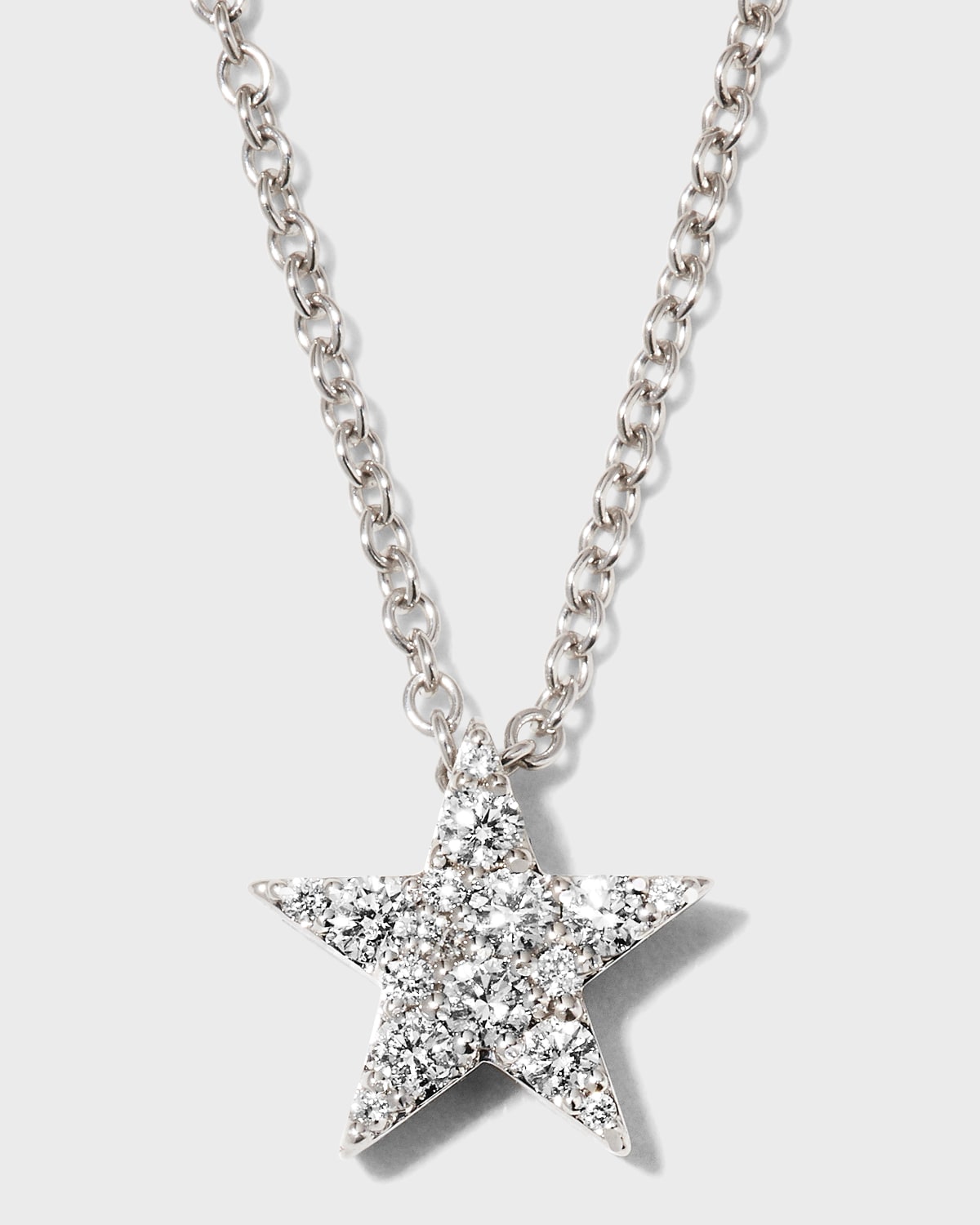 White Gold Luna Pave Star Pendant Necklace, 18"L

-=-=-=-=-

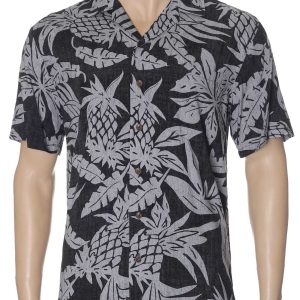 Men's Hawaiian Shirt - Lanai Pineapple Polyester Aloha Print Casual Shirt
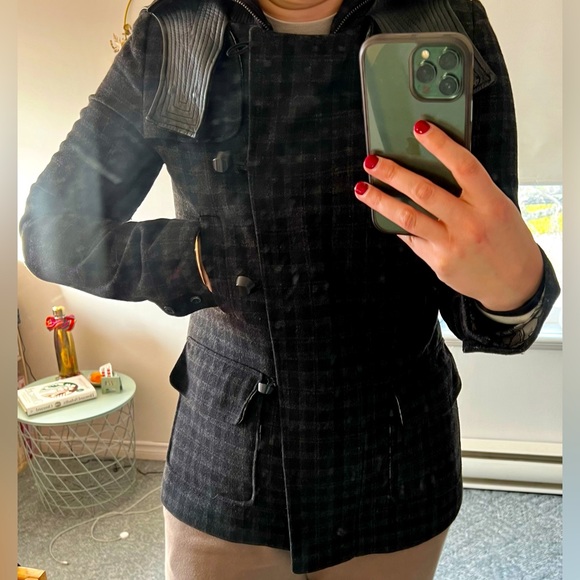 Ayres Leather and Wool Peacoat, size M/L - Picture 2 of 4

-=-=-=-=-

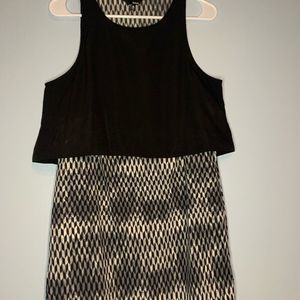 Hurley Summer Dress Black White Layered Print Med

-=-=-=-=-

## Assignment
From the records above, copy only the lines running from the line containing "Men's Hawaiian Shirt" to the line containing "Ayres Leather and", both ends included. Leave the pictures out.

## Task solution
 Men's Hawaiian Shirt - Lanai Pineapple Polyester Aloha Print Casual Shirt
 Ayres Leather and Wool Peacoat, size M/L - Picture 2 of 4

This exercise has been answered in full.